The Risks of Romanticizing High School: Advice from a Disillusioned Senior
No crazy parties. No sneaking out. No late-night drives. After reading all the juicy young adult novels and watching cinematic coming-of-age films in middle school, I thought each day would be an adventure. What happened to this idealized adolescent experience? For four years, I yearned for these opportunities of youthful bliss: a food fight in the cafeteria, a first kiss at the homecoming dance, a race through the empty hallways. Even as time continued to pass by, I still clung to this idea of false hope. However, as fourteen faded into fifteen, sixteen, seventeen, and now eighteen, the rose-colored glasses have gotten knocked off my face with a brutal blow of disillusionment.

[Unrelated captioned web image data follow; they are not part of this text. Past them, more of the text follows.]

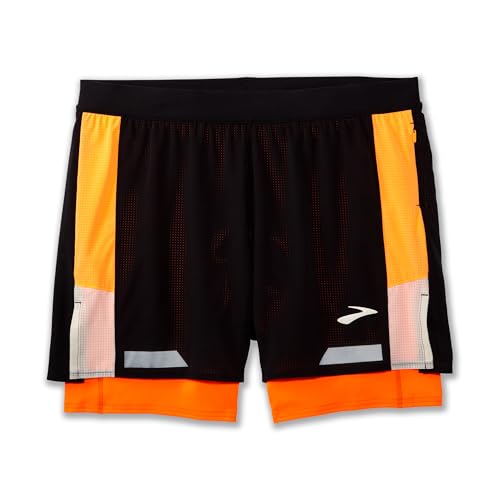 BROOKS 211517080 Run Visible 5' 2in1 Short 2.0 Shorts Herren Black/Ecru/Fluoro Flash Größe 40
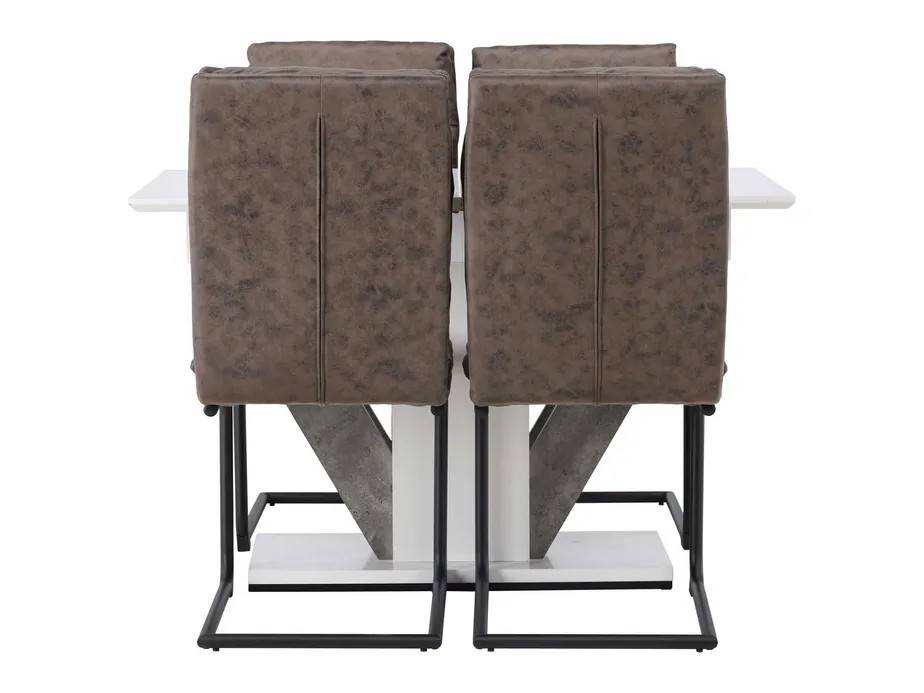 Venture Design Disa & Zizo spisegruppe Brun/hvid 4 stole og borde 120 x 80 cm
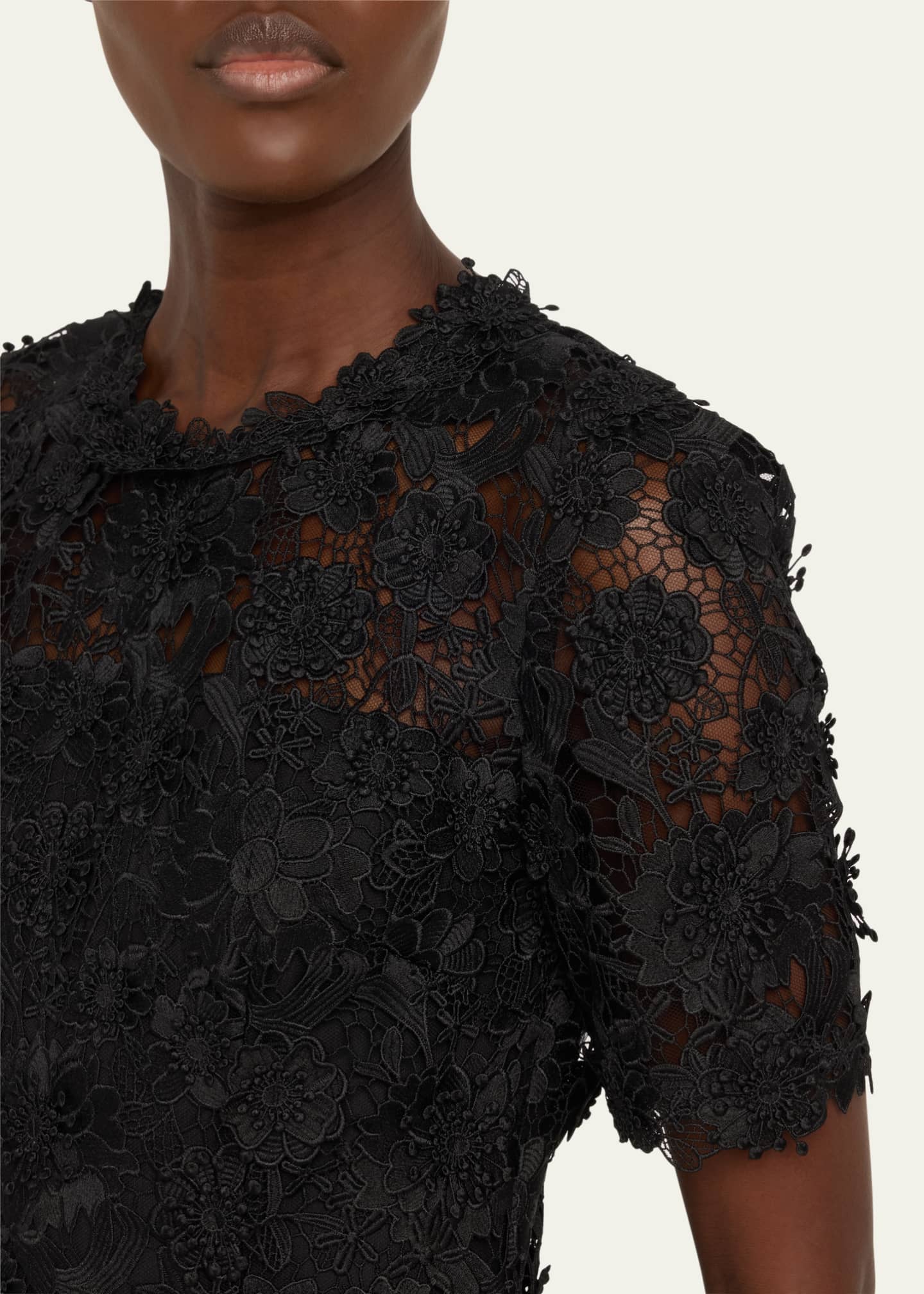 Carolina Herrera Floral Lace Short-Sleeve Illusion Dress Image 5 of 5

In a way, I regret hyper-fixating on my high—not to mention unrealistic—expectations for high school. As an overly-optimistic and naive freshman, I viewed the world through the lens of books, movies, and television series like Perks of Being a Wallflower, The Breakfast Club, and Freaks and Geeks. I suppose a majority of the melodramatic media that I consumed during my formative pre-teen years warped my perspective. The visceral spontaneity, recklessness, and passion of the high school experience made me covet my teen years long before they would even reach me. With each page, soundtrack, and movie scene, I spiraled down into this mystical adolescent fantasy.
Each year, I would tell myself, “This is the year,” and I would blindly believe it too. Except I watched youth slip away through my fingers, somehow escaping my grasp each time and drifting on to future high school dreams. What made me believe I would live life just like the teenagers running across the book pages or dancing around the television screen? The romanticization of high school comes with risks—namely disappointment. But, for me, this sense of disappointment mixed together with a bit of guilt after I realized that I forgot to appreciate the important yet often overlooked high school moments.
Focusing on fantasy rather than reality left me dissatisfied with my life. In the hours dedicated to completing homework, studying for assessments, and participating in extracurriculars, I would feel unsatiated, wondering when the teen spirit would kick in. I scoured my high school experience for something wild, something rebellious, something electrifying, just something that would make me feel alive. Yet, I felt betrayed—not knowing by what or who—as if I have been fed a pretty lie all my life just to face the ugly truth.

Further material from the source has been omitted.